There’s an article in the Christian Science Monitor by  Moises Velasquez-Manoff discussing attempts to standardize the quality of carbon offsets.  Carbon offsets are a big concern to me, especially when a lot of the offsetting is in the future, as is the case with planting trees.  From the box at the end of the article:

And unless a forest is permanent (and who can guarantee that?), trees only temporarily sequester atmospheric carbon. When they burn or decompose, the carbon they contain is released back into the atmosphere. In tropical countries, where trees are most effective as a cooling agent, they’re often up against poverty and political instability. “Does some guy wake up and say, ‘Now I’m the dictator of the country. I want a golf course?’ ” says Michael Dorsey, a professor of environmental studies at Dartmouth College in Hanover, N.H. “There’s the big issue.”

Another issue is that trees may e like the old saw about the insurers: someone who lends you an umbrella, but takes it away when it starts to rain.   In the Western US and Canada (as well as many other parts of hte world,) our forests are rapidly dying due to a bark beetle infestation brought on by persistent drought and not enough frost… which makes the ultimate cause of the dieback Global Warming.

My worry is this: you plant a bunch of trees, that are supposed to suck up CO2 and thus slow global warming.  But not enough people are planting trees, etc., so Global Warming continues and the trees die and catch fire due to temperature rises and persistent drought caused by global warming, realeasing any CO2 they have absorbed back into the atmostphere, and compounding the problem.  By counting on trees, we are unintentionally creating a positive feedback loop that could end up accellerating climate change rather than stopping it.

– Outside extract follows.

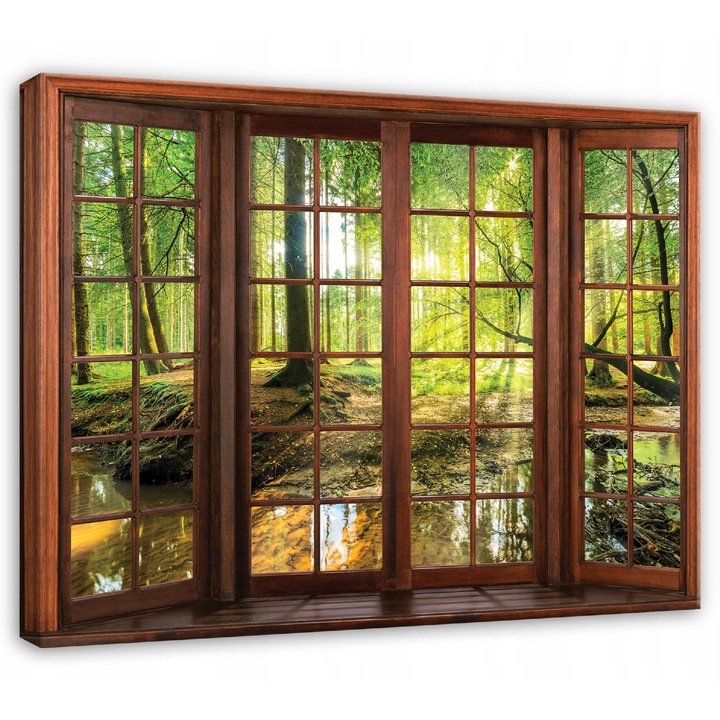 Канава картина, прозорец, гора, пейзаж, 60x40 см, картина, декоративна, всекидневна, кухня, картини за стена, PP14208O4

This is why, rather than buying carbon offsets, I prefer to give away CFLs, and I only count the energy saved in real time as offsetting my own carbon emissions… I may have already given away enough CFLs to reduce future electricity consumption over the next decade or two by 72 GWh, but the number I focus on (and I encourage others to focus on as well) is how many kWhs or tons of carbon emissions you have prevented today not how much you may be responsible in the future.  I can’t just give away a 25W CFL with a rated life of 12,000 hours and say I’ve reduced total electricity used emissions by 900 kWh.  If the person I give it to uses the bulb for only 15 minutes a day, it’s going to take 134 years for that bulb to prevent the use of that much electricity… and long before then, we should be operating on electricity that’s mostly renewable based anyway.   Not to mention that within 10-20 years, I expect that the incandescent lightbulb will be only available in antique shops, so if the bulb I give away is still in use 20 years from now, it’s probably just replacing another CFL, for no net energy savings.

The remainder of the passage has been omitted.